One night at Bang & Jensen I asked the staff about the (not so healthy) natchos on the menu. When I showed concern about the chip ingredients - she brought me the bag. Ingredients were listed in more than a dozen languages, which was very reassuring. They were ordered again a few days later :).
Our most memorable meal in Copenhagen was a simple one. It's hard to mess up on a simple steak. We ordered steak frites and a salad at Cafe Oscar. A delightful little restaurant just down the street from the Danish Design Museum. If you are lucky enough to travel here, don't miss either spot.
Finally - the gluten-free highlight of Copenhagen was directly across from our little apartment. Naturbageriet had fresh gluten-free goodies waiting for me in the window every morning. I apologize profusely for not photographing the rumballs, cardamon carrot cake, the date loaf or the banana muffins. They had "regular" baked goods there too (they write about this on their site - see link) but go to every effort to keep the two worlds from colliding. The people who run the place are very knowledgeable about the ingredients and were most reassuring. I ate their goodies every day, and felt healthy - and VERY happy!!
Copenhagen was everything I hoped it would be. Inspirational eye candy everywhere. Extremely walkable. Areas reminiscent of a modern-day Venice. Style, often understated, but certainly painstakingly considered. Gorgeous, present and welcoming.

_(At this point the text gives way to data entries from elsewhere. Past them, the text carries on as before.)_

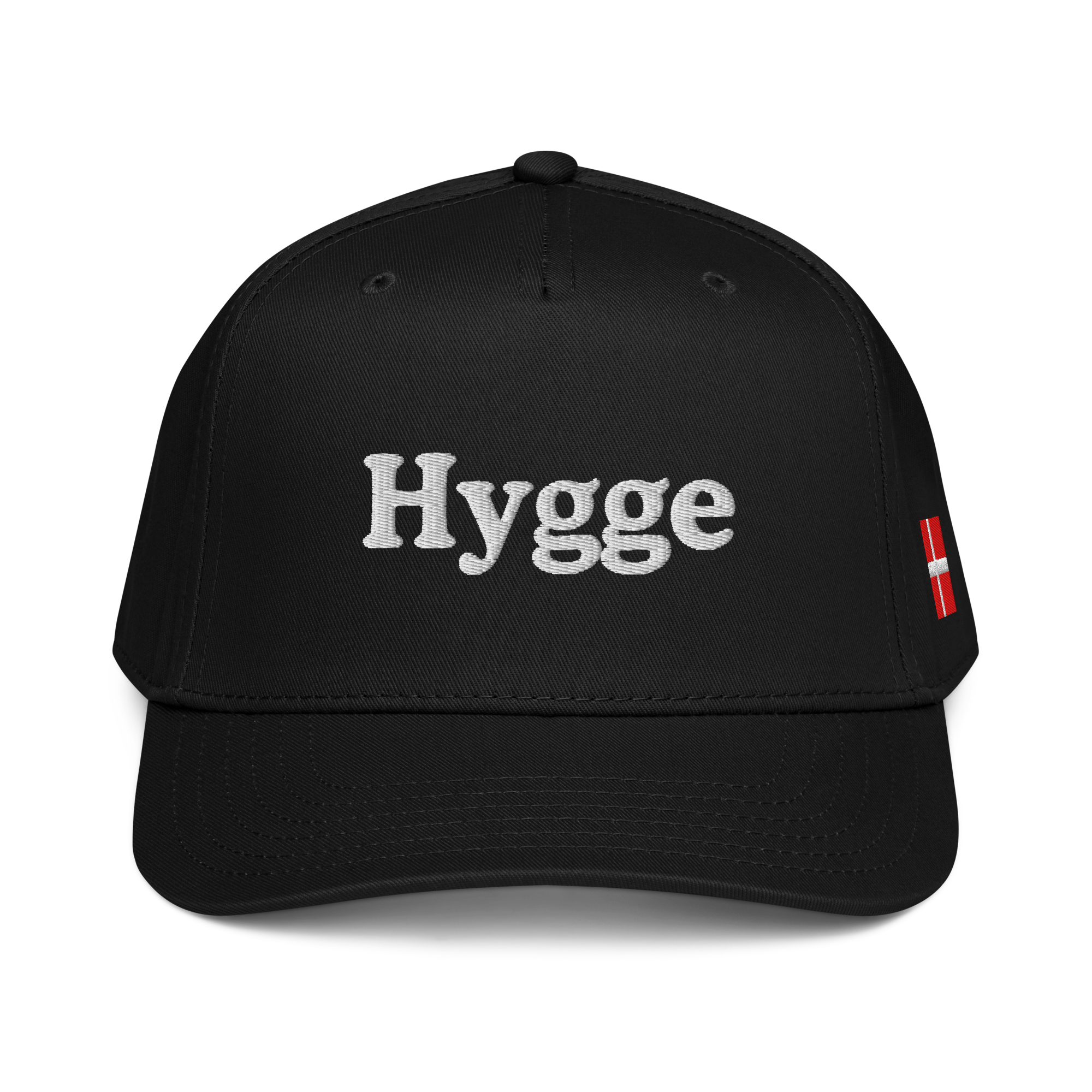 Embrace Cozy Comfort with the Premium Danish Snapback Hat - OFFSIDE CLUB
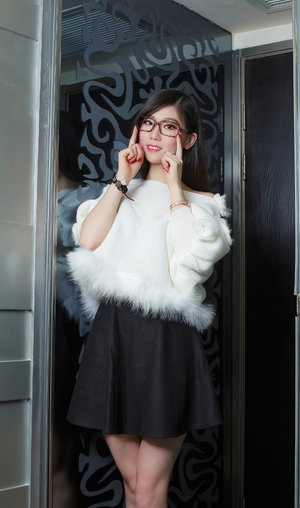 《便利店少女》1-6集动漫免费观看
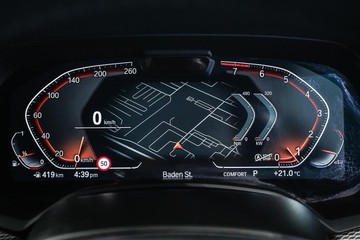 https://dvg-vehicle-assets.s3.amazonaws.com/1203564/dyjuj4blrjpwvu5gsp5mnu08r.jpg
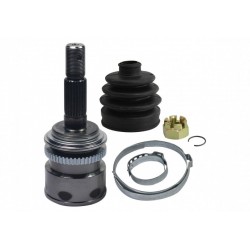 KÜLSŐ CSUKLÓ TERIOS 1.34WD 97-00 4242087402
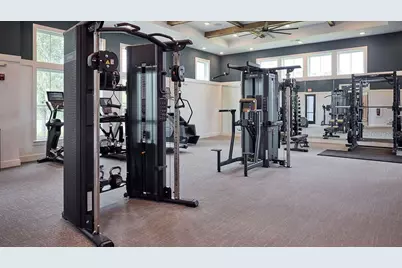 9500 Grandtree Avenue #A1, Venice, FL 34292 - Photo 15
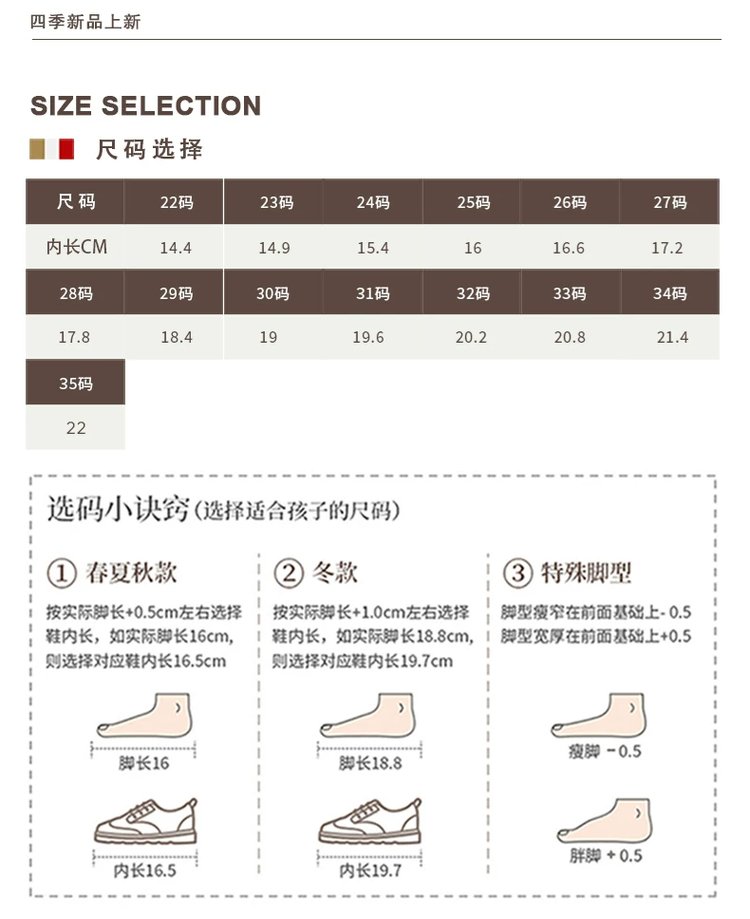 详情图6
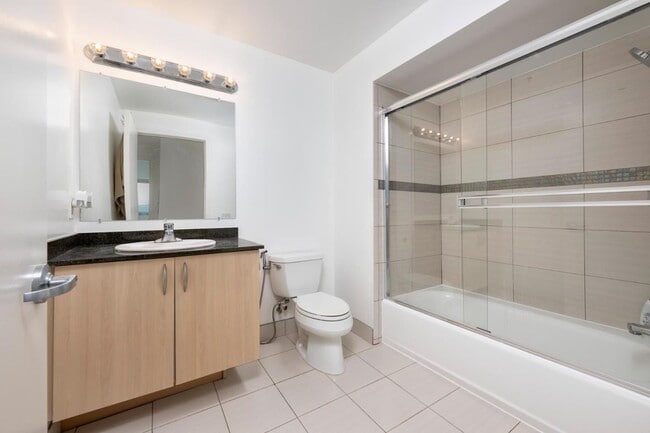 Photo - 1 Mandalay Pl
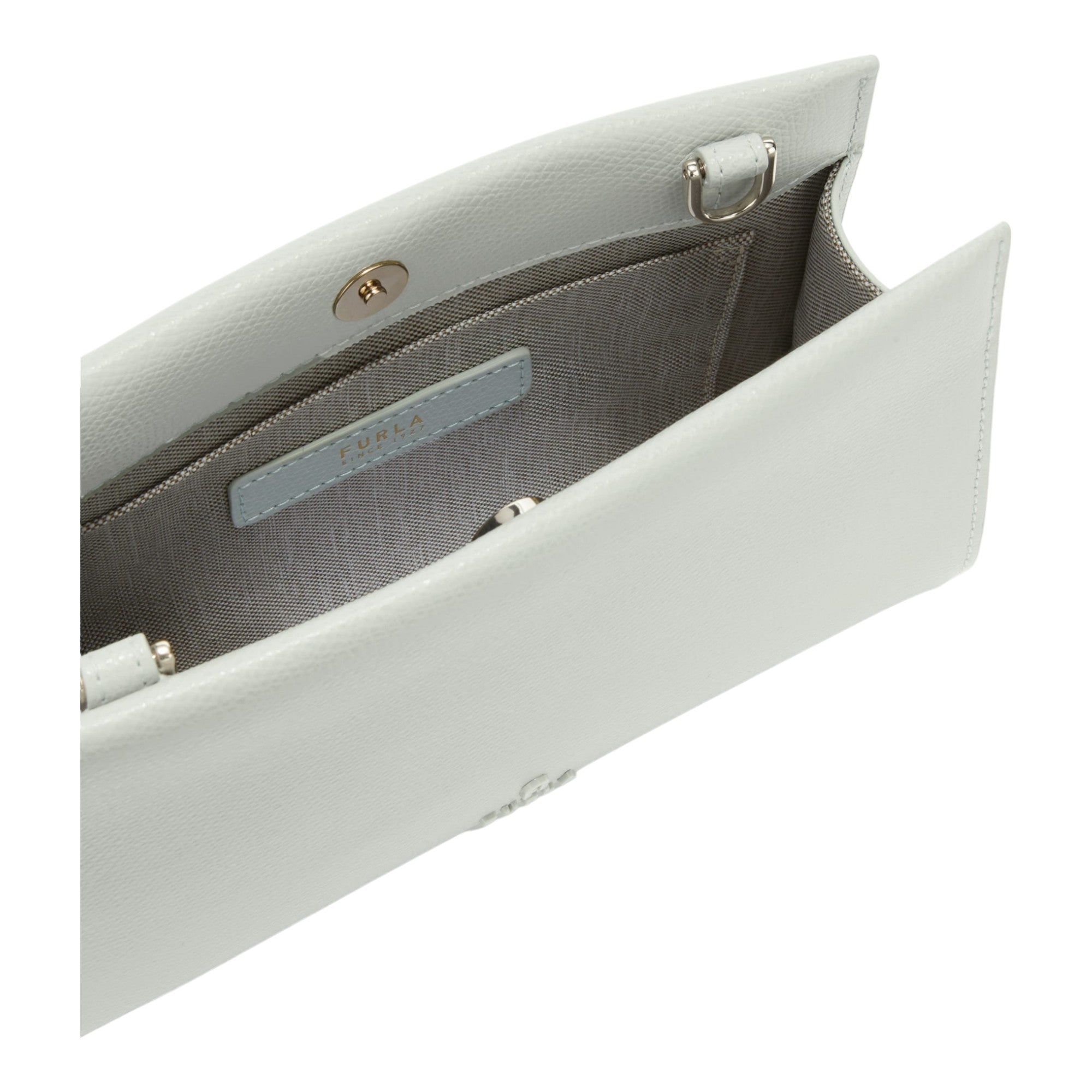 MyFurla Clutch Mini Crossbody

We were extremely enamored with this part of the world and will certainly be making another Scandinavian excursion. Like anything in life, the first time is learning the ropes. Our next trip I'm sure that we'll have more exciting culinary adventures. For now I'm happy to report that we ate well - and I came home feeling good and inspired to transform the experience into new creative endeavours.